Basically all content should be wrapped in paragraph nodes.

//Available formattings://
**em** - emphasis, default rendered italic
**strong** - default rendered in bold
**mark** - default rendered as highlighted, alternatively underline
**strike **- strike through
**code** - verbatim text

	Formats can only contain text and links, with the exception of the **tt** format, which can only contains text.

Links:
**link**
    can contain: none
    text: any
    attrib:
        href: string, actual link
        _href-type: page | url | file | ... (if none, href not yet resolved)
        _href: string, resolved target, depends on type
        type: string, semantic type of the link

//Images://
**img**
    text: none
    attrib:
        src: string, link as it apeared in the source (optional)
        file: string, absolute file name
        width int
        height: int
        alt: string, name / short description, used e.g. for tooltip
        obj-type: string, reserved for objects that render as image in the gui

Captions can be implied if the image is followed directly by a paragraph without whitespace in between (so the tail of the img element is empty).
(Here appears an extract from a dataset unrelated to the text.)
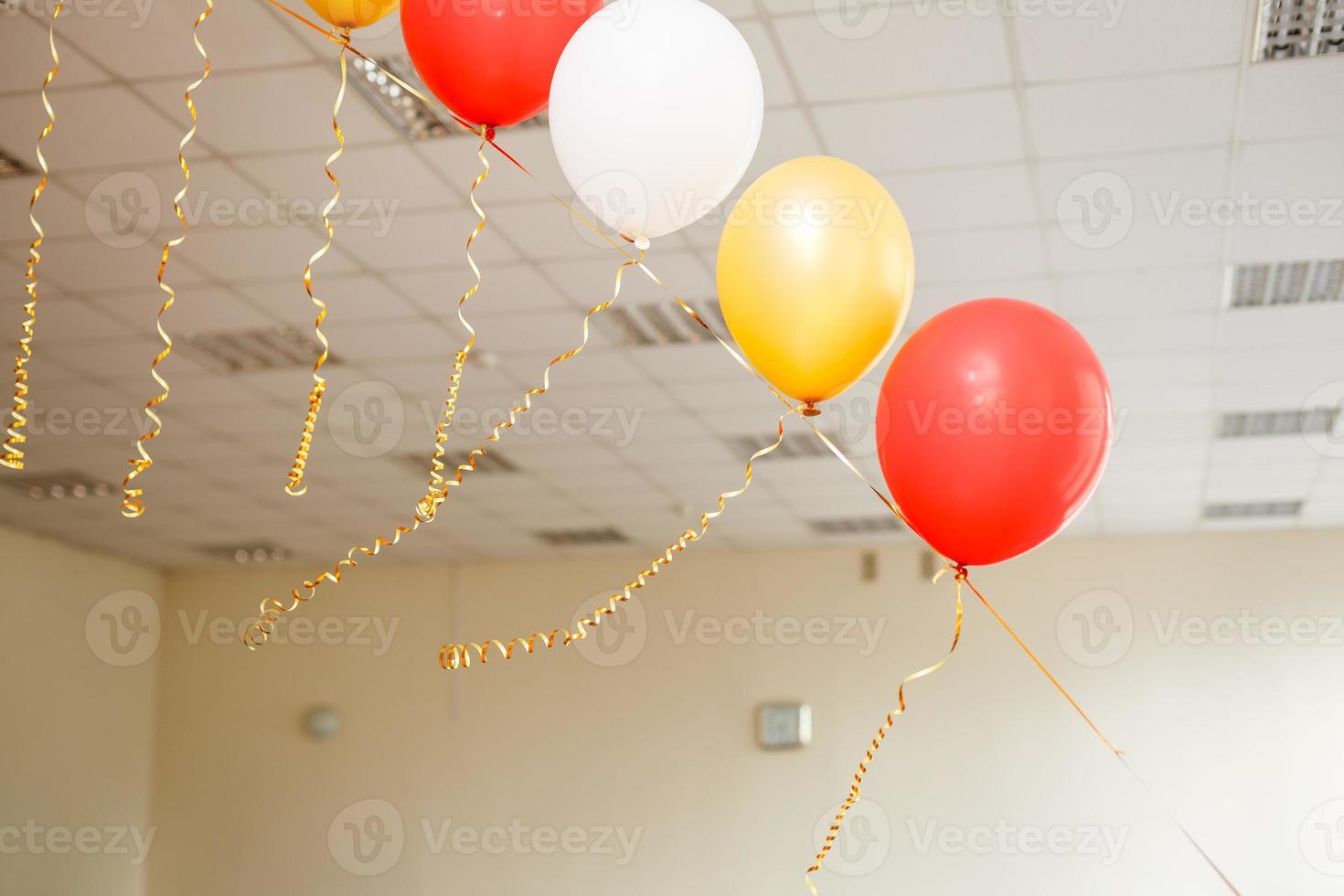 Farbkugeln, farbiges Polymergel, Hydrogelperlen vor dem Hintergrund der Wand und den fallenden Sonnenstrahlen, die vom Fenster ausgehen. konzepturlaub, geburtstag, glückwünsche foto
In this case the exporter can render this paragraph the caption of the image.

===== Proposed extensions =====

==== Horizontal lines ====
Allow a <hr> element.

==== Image links ====
How to add linking capability to images ? Either add the link as a child node of the image or merge the attributes.

Alternatively we could consider clickable images an object. 

==== Image captions ====
For more elaborate documents you may want to have image captions. These should start with "Image XXX:" where the images are numbered automatically. In that case you also want references, links that link these images with their text automatically updated to the right number. (How to integrate this with latex export, which does this natively ?)

One way to do this is to assume that any text directly below an image is the caption, if the image is on it's own line and there is no text above the image. In the tree this is a paragraph starting with an image and the tail of the image starting with "\n".

==== Icons ====
Special case of images, instead of a image file we give a stock image name. This can be used e.g. for smileys or tags. When images can be links as well an icon that is clickable can be nice for plugin development.

==== Objects ====
Generic tag "obj" which contains arbitrary content. In the interface there is a class for each object type which can render it. For serializing it could have special code for specific formats and a generic fallback that returns some parse tree consisting of basic types. For example an equation object would have a method to put a pixbuf in the gui + override the context menu. It also would have support for latex and wiki formats, (wiki parser needs to know about it though) and the fallback gives the image, which is used e.g. in html export.

Base class for object extensions could fallback to parse tree with "image not found" icon.

If we want captions for objects it should work same as for images. This is something we want for tables - although maybe it should be configurable whether the caption is above or below the object per type (below for images, above for tables). Also equations can have a captions etc.